**Exercise prompt:** Your task is to repeat the records exactly from the line containing "this 300×225 image." onward, through the final line.

Records to use START

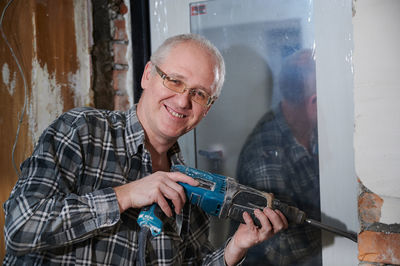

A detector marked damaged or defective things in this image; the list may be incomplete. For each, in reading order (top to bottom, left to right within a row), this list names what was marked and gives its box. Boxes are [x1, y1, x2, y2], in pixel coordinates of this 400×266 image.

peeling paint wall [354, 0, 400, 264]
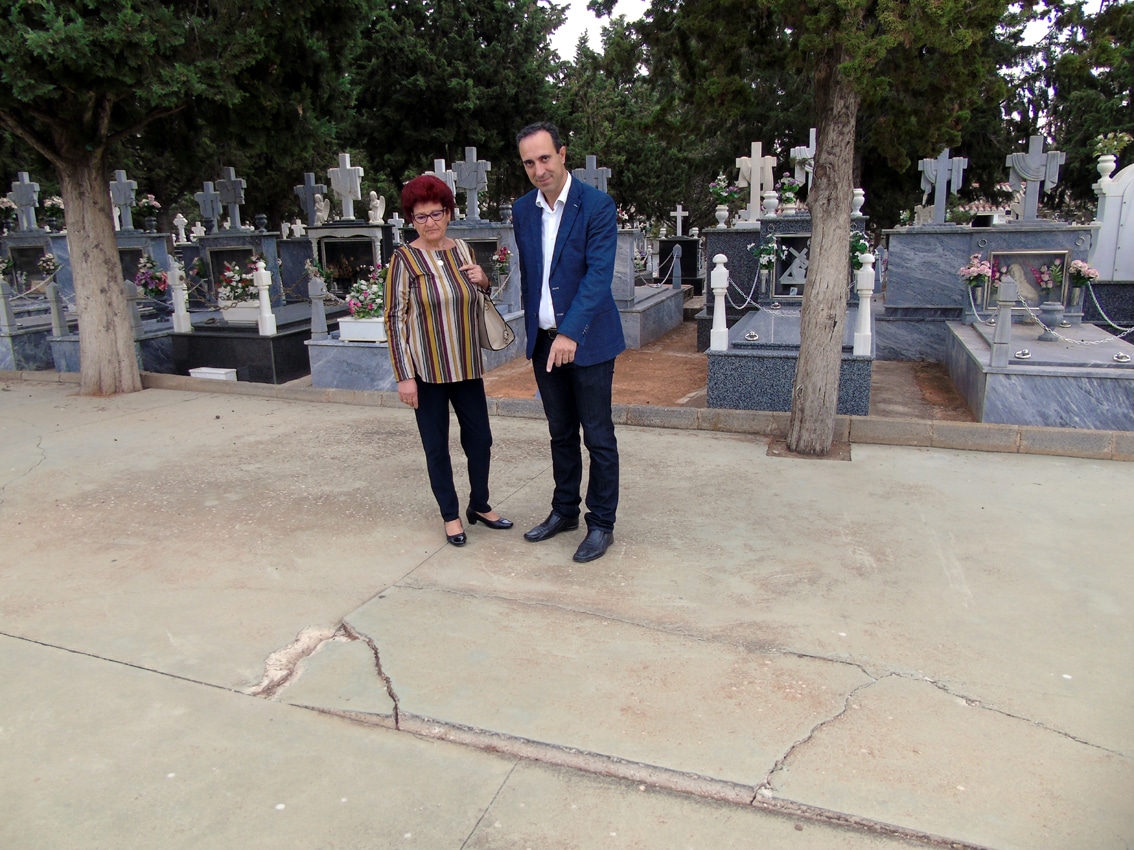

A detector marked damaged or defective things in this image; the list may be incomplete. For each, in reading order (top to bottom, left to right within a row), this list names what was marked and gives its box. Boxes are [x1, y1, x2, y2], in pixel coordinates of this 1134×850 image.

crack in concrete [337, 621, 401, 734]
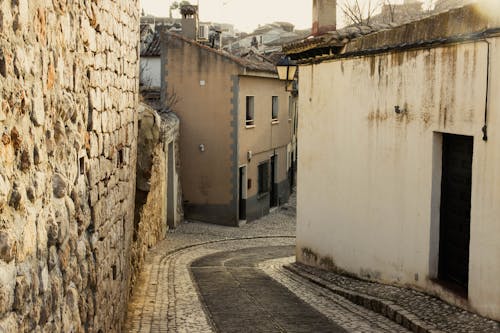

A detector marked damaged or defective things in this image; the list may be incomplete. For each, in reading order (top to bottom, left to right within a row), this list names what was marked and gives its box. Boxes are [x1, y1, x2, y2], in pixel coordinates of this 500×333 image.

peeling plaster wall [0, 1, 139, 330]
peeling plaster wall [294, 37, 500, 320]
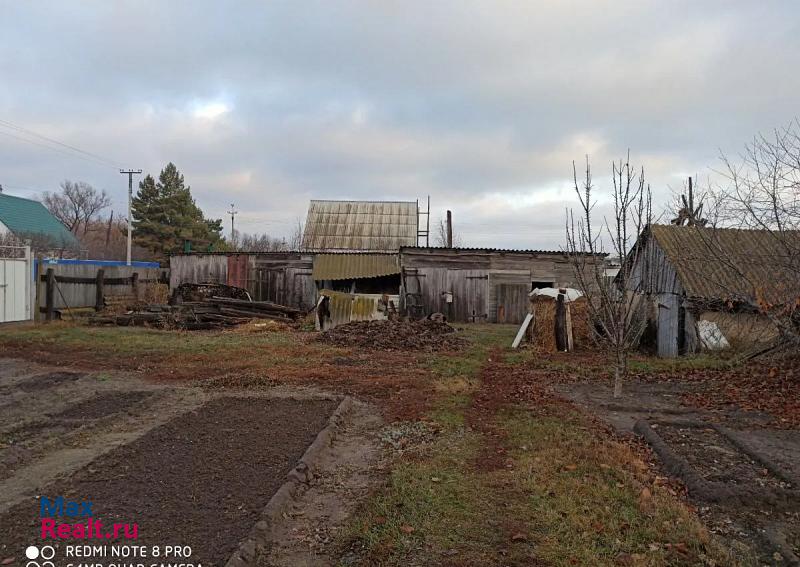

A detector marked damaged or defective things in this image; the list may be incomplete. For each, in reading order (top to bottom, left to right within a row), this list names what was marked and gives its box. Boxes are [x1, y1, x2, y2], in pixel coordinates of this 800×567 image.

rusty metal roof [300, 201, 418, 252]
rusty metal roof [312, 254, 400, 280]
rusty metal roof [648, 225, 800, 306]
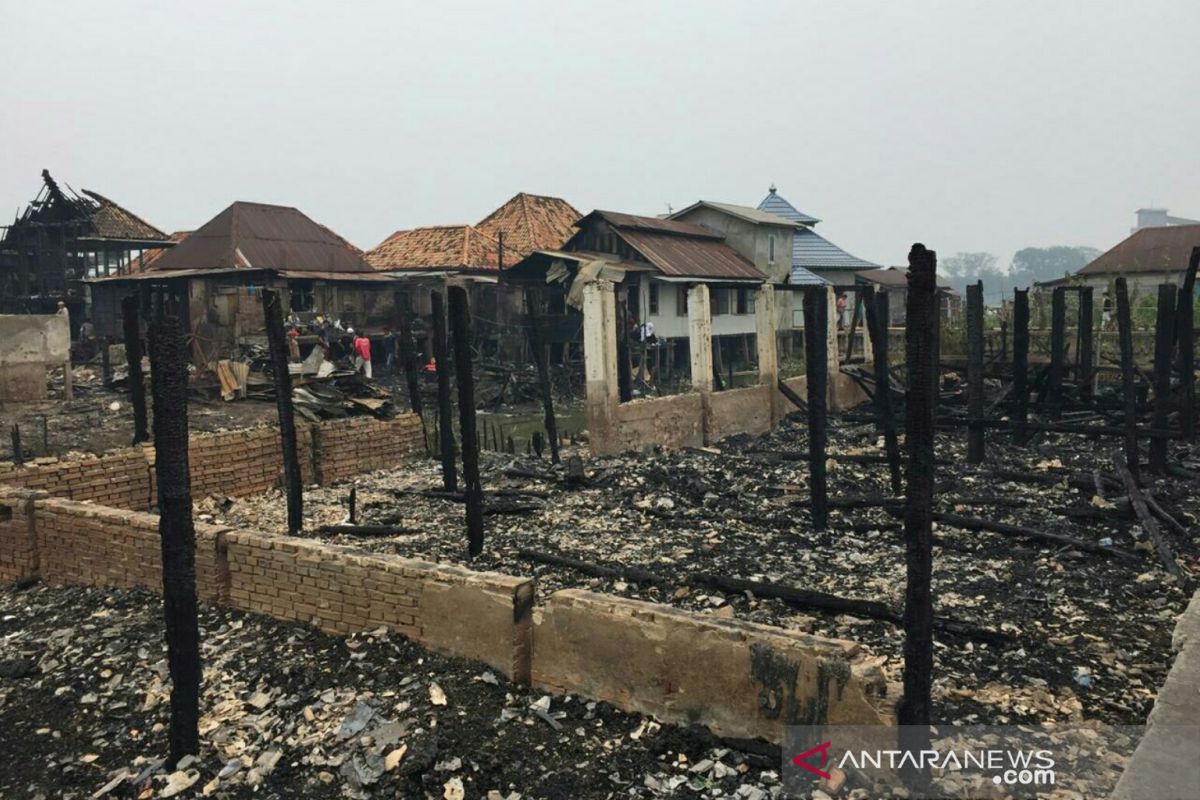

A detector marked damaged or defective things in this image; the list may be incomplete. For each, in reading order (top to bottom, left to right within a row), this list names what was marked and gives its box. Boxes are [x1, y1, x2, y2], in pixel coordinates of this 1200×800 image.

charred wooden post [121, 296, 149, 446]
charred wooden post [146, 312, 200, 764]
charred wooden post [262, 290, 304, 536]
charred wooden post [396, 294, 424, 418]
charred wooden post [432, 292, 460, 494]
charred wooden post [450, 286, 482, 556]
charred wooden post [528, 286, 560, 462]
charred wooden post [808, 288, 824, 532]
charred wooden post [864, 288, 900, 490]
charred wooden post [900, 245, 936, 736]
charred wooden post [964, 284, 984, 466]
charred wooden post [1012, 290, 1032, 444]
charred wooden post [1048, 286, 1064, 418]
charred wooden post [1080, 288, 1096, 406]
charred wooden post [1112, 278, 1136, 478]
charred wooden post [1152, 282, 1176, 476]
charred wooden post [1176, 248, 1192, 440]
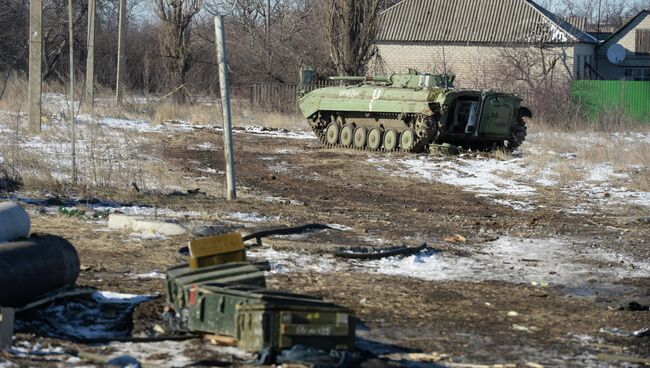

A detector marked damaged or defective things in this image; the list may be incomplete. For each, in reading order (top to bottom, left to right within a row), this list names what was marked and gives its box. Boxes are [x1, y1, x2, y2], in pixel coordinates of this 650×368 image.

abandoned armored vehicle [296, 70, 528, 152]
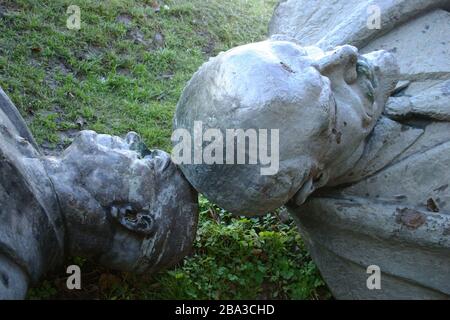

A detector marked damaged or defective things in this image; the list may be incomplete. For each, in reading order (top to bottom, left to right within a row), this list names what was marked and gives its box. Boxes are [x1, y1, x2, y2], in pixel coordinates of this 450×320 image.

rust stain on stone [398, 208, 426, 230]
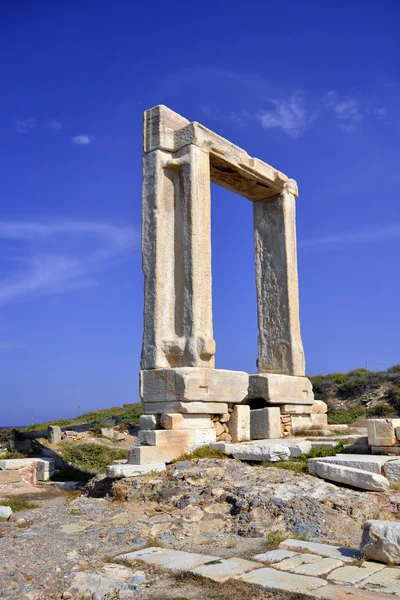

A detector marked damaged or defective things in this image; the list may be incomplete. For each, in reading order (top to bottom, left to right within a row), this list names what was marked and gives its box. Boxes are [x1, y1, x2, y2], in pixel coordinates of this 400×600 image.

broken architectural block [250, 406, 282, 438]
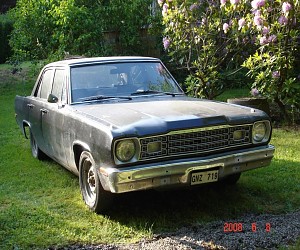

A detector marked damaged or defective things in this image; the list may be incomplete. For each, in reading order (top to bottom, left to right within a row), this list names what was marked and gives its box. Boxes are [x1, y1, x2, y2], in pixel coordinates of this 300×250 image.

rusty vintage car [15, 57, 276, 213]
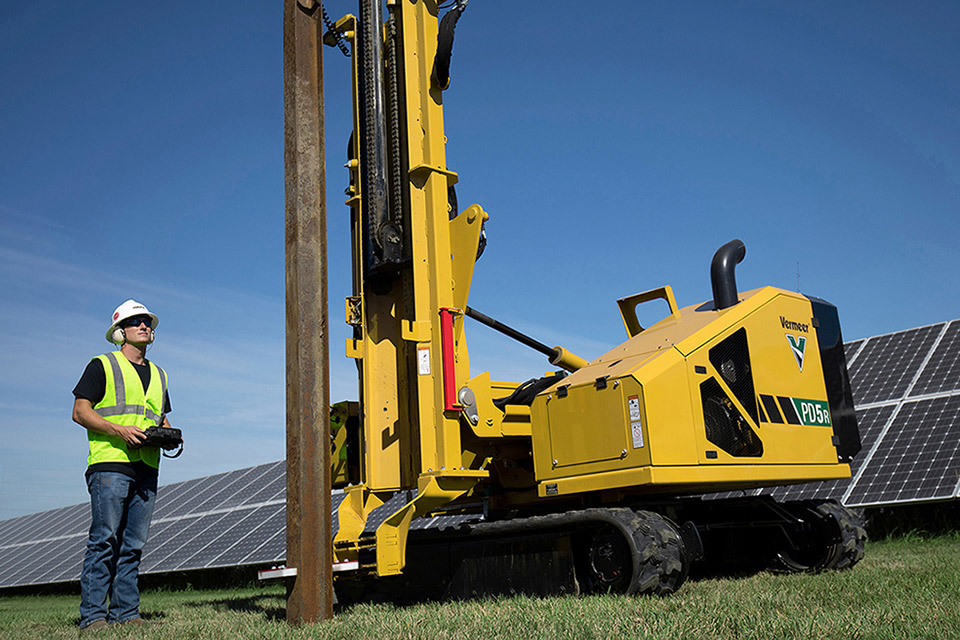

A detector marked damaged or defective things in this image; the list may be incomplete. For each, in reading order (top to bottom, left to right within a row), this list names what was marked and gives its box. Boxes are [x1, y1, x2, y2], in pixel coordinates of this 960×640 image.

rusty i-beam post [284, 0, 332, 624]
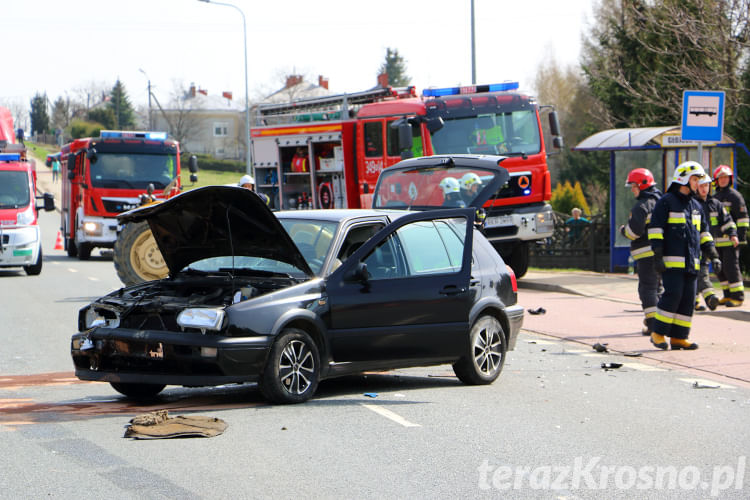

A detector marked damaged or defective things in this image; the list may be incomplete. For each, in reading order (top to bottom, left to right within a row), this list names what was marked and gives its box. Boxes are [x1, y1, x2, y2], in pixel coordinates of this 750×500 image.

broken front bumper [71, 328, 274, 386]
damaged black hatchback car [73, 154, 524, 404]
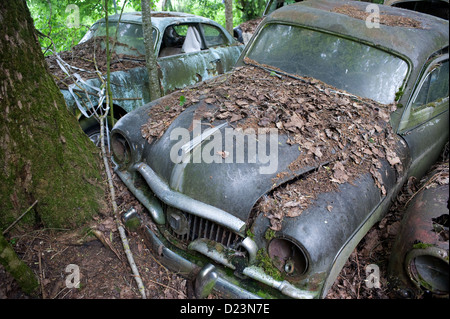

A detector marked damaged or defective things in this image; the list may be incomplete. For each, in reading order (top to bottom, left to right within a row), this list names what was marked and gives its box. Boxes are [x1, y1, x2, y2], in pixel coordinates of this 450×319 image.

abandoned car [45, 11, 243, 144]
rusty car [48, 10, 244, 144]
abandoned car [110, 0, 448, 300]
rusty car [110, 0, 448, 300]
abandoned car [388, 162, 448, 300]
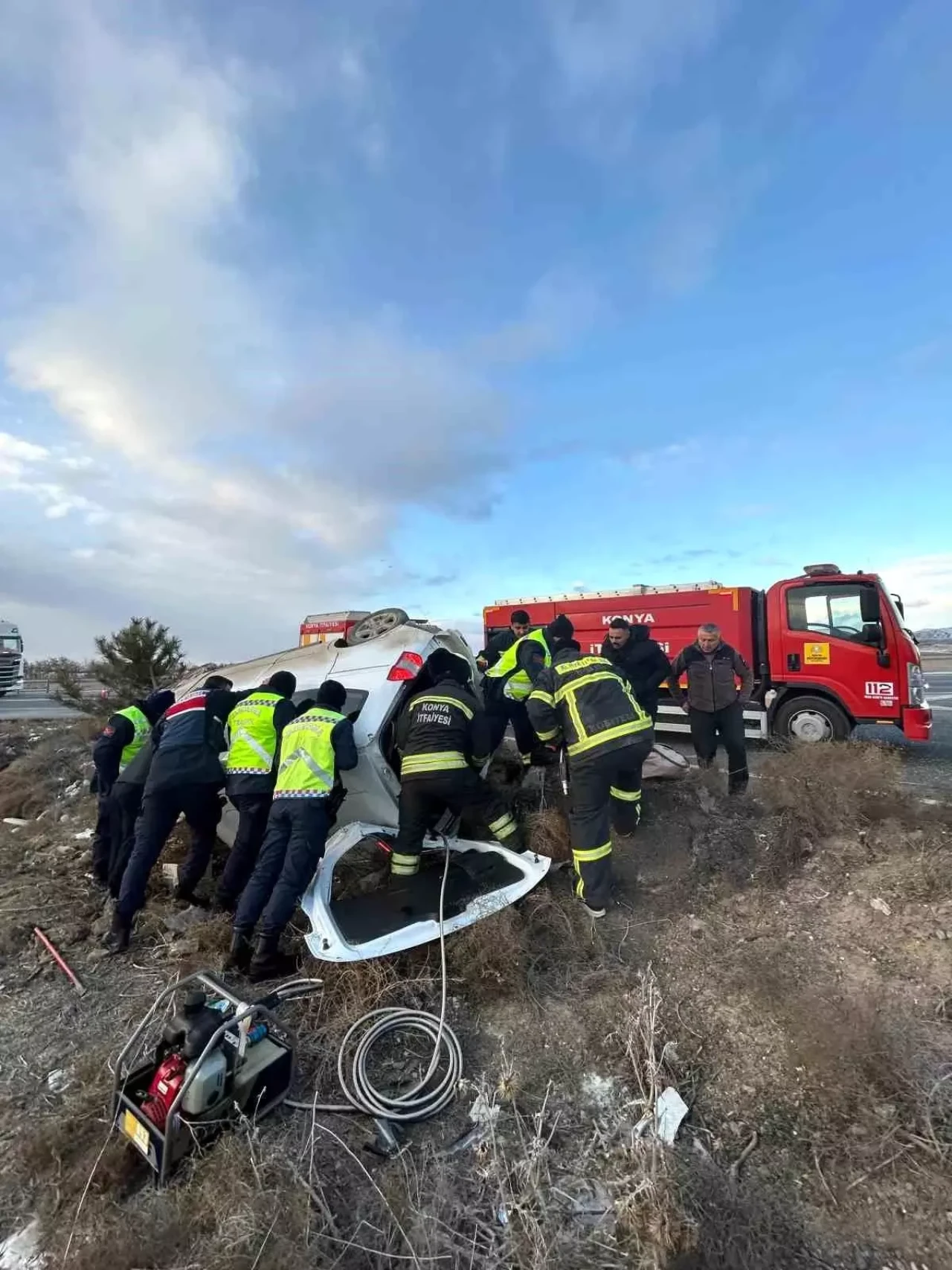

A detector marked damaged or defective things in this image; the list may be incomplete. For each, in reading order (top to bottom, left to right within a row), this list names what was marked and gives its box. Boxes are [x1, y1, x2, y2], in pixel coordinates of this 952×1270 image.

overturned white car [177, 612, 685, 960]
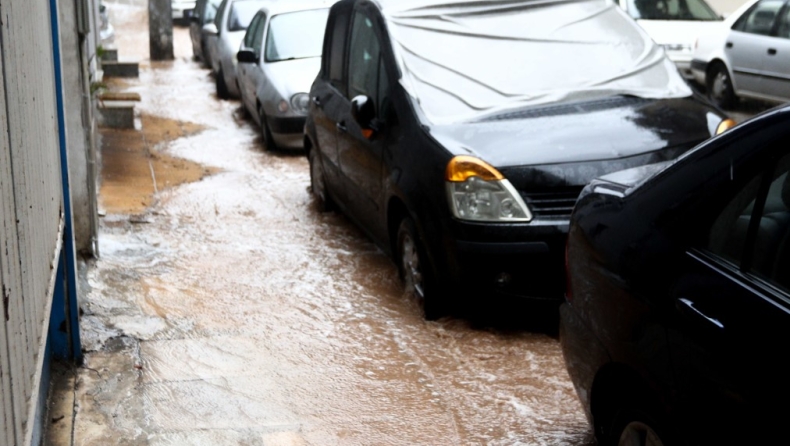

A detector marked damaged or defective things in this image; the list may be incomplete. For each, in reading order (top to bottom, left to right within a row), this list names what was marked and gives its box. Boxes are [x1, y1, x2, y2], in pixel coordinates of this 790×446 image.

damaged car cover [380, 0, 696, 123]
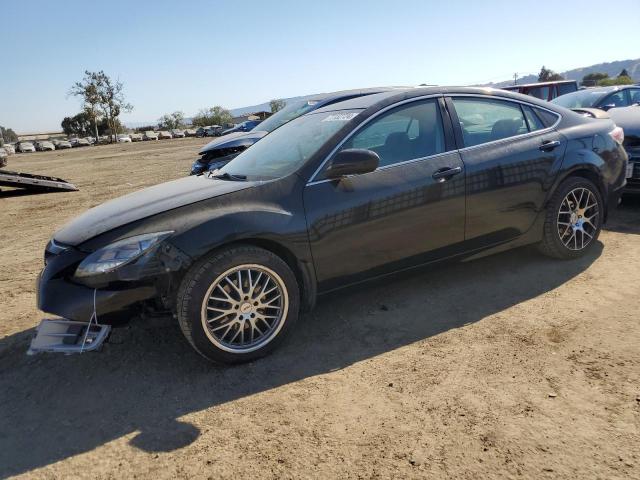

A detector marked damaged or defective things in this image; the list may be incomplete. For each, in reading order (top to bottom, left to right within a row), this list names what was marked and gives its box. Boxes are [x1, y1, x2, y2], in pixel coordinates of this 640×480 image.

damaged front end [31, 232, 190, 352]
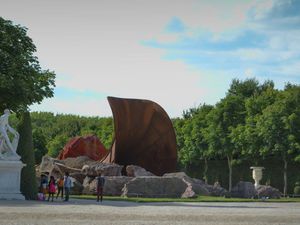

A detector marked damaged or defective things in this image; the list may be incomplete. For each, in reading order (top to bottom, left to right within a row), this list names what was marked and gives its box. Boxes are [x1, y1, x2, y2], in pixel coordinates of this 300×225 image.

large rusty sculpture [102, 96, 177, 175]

Records to use END

**Completed task:**
A detector marked damaged or defective things in this image; the list may be incomplete. For each, in reading order (top to bottom, left to right within a row), this list names what was marked and gives its box. Boxes are [x1, y1, x2, y2], in pixel coordinates of this 300×225 image.

large rusty sculpture [102, 96, 177, 175]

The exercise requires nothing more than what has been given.